WHAT TO DO: Give again, word for word, every line in the entries below from the line with "छत्तीसगढ़ में मौसम" up to and including the line with "2003 დიპლომი", and no other line.

===== DATA SECTION

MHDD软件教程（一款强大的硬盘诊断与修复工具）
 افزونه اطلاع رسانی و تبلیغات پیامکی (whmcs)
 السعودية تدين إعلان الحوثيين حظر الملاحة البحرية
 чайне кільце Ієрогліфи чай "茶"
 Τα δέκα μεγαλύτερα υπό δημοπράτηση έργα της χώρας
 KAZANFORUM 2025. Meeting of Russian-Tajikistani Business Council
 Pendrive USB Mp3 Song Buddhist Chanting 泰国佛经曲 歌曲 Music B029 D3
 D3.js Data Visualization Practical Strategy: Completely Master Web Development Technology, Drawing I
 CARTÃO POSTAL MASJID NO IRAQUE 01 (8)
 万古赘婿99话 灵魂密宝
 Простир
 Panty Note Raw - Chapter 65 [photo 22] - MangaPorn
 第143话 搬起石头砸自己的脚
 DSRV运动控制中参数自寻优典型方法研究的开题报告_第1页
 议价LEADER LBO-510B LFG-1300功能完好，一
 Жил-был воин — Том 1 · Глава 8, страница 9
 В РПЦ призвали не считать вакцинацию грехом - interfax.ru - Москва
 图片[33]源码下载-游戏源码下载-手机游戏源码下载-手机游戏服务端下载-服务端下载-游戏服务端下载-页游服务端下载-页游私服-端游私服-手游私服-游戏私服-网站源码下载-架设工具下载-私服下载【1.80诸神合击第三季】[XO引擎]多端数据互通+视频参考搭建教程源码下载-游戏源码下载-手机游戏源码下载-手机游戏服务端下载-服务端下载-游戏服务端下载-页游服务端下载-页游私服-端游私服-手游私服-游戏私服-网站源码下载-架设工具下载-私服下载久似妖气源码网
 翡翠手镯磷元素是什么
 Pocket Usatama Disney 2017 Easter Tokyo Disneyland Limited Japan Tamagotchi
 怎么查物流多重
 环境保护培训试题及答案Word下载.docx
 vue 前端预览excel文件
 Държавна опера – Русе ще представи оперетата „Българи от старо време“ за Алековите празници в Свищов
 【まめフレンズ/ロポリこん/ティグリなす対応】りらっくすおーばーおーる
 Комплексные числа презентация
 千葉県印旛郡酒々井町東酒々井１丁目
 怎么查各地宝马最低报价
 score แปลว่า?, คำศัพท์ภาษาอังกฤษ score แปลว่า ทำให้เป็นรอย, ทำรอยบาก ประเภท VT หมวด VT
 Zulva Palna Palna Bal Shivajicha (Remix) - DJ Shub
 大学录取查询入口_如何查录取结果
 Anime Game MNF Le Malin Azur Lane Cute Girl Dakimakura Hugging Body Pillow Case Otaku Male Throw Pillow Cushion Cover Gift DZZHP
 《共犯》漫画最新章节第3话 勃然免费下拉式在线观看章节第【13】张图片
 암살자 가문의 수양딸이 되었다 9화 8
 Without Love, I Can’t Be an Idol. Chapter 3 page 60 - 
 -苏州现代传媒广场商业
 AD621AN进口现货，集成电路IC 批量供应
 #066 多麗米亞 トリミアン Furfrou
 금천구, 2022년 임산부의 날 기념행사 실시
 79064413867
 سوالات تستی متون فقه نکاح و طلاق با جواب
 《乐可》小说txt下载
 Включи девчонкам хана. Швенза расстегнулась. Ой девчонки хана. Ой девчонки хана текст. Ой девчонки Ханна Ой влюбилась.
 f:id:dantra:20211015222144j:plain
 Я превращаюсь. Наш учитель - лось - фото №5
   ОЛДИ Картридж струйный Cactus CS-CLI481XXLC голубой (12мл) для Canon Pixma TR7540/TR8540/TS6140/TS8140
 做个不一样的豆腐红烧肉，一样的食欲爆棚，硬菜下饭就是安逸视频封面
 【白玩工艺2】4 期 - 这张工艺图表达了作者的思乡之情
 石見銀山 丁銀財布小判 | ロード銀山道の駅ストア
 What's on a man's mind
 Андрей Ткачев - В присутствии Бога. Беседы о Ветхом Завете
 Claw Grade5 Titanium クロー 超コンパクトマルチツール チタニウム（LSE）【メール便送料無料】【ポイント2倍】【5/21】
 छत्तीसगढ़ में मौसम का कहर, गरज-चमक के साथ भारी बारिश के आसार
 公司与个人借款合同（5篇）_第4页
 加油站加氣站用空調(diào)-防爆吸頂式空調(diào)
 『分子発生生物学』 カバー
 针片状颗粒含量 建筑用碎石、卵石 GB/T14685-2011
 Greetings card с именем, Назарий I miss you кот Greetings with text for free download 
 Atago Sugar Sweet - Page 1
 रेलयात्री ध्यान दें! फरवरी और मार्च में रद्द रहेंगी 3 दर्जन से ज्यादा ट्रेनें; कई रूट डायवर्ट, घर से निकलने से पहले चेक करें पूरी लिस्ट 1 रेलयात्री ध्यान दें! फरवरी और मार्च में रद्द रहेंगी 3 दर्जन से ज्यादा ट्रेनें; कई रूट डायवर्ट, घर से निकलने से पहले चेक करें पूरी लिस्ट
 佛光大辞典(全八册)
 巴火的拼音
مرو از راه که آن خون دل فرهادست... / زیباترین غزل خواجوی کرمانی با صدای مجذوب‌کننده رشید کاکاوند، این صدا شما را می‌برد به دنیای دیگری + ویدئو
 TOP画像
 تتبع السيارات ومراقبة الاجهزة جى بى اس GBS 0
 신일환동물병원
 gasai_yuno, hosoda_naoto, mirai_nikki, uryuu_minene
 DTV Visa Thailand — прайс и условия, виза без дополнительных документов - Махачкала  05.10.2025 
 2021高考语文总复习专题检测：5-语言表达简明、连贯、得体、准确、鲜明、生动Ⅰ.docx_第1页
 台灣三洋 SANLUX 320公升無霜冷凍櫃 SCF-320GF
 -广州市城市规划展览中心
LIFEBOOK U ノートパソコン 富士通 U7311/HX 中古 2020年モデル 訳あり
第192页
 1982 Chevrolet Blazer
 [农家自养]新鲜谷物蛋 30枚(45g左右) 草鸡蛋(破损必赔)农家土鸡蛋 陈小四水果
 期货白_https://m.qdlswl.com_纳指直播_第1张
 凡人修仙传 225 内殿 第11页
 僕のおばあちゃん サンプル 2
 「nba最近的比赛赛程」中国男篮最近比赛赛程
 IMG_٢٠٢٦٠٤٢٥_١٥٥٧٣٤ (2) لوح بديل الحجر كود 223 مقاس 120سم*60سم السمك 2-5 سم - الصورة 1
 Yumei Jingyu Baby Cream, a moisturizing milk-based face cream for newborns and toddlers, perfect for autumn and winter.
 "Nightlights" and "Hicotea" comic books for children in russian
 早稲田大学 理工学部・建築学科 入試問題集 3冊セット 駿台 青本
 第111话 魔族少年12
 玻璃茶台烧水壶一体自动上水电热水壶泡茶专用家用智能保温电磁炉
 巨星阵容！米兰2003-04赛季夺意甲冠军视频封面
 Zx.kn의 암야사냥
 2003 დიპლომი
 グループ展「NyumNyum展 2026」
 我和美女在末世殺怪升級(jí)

==========

EXPECTED ANSWER:
 छत्तीसगढ़ में मौसम का कहर, गरज-चमक के साथ भारी बारिश के आसार
 公司与个人借款合同（5篇）_第4页
 加油站加氣站用空調(diào)-防爆吸頂式空調(diào)
 『分子発生生物学』 カバー
 针片状颗粒含量 建筑用碎石、卵石 GB/T14685-2011
 Greetings card с именем, Назарий I miss you кот Greetings with text for free download 
 Atago Sugar Sweet - Page 1
 रेलयात्री ध्यान दें! फरवरी और मार्च में रद्द रहेंगी 3 दर्जन से ज्यादा ट्रेनें; कई रूट डायवर्ट, घर से निकलने से पहले चेक करें पूरी लिस्ट 1 रेलयात्री ध्यान दें! फरवरी और मार्च में रद्द रहेंगी 3 दर्जन से ज्यादा ट्रेनें; कई रूट डायवर्ट, घर से निकलने से पहले चेक करें पूरी लिस्ट
 佛光大辞典(全八册)
 巴火的拼音
مرو از راه که آن خون دل فرهادست... / زیباترین غزل خواجوی کرمانی با صدای مجذوب‌کننده رشید کاکاوند، این صدا شما را می‌برد به دنیای دیگری + ویدئو
 TOP画像
 تتبع السيارات ومراقبة الاجهزة جى بى اس GBS 0
 신일환동물병원
 gasai_yuno, hosoda_naoto, mirai_nikki, uryuu_minene
 DTV Visa Thailand — прайс и условия, виза без дополнительных документов - Махачкала  05.10.2025 
 2021高考语文总复习专题检测：5-语言表达简明、连贯、得体、准确、鲜明、生动Ⅰ.docx_第1页
 台灣三洋 SANLUX 320公升無霜冷凍櫃 SCF-320GF
 -广州市城市规划展览中心
LIFEBOOK U ノートパソコン 富士通 U7311/HX 中古 2020年モデル 訳あり
第192页
 1982 Chevrolet Blazer
 [农家自养]新鲜谷物蛋 30枚(45g左右) 草鸡蛋(破损必赔)农家土鸡蛋 陈小四水果
 期货白_https://m.qdlswl.com_纳指直播_第1张
 凡人修仙传 225 内殿 第11页
 僕のおばあちゃん サンプル 2
 「nba最近的比赛赛程」中国男篮最近比赛赛程
 IMG_٢٠٢٦٠٤٢٥_١٥٥٧٣٤ (2) لوح بديل الحجر كود 223 مقاس 120سم*60سم السمك 2-5 سم - الصورة 1
 Yumei Jingyu Baby Cream, a moisturizing milk-based face cream for newborns and toddlers, perfect for autumn and winter.
 "Nightlights" and "Hicotea" comic books for children in russian
 早稲田大学 理工学部・建築学科 入試問題集 3冊セット 駿台 青本
 第111话 魔族少年12
 玻璃茶台烧水壶一体自动上水电热水壶泡茶专用家用智能保温电磁炉
 巨星阵容！米兰2003-04赛季夺意甲冠军视频封面
 Zx.kn의 암야사냥
 2003 დიპლომი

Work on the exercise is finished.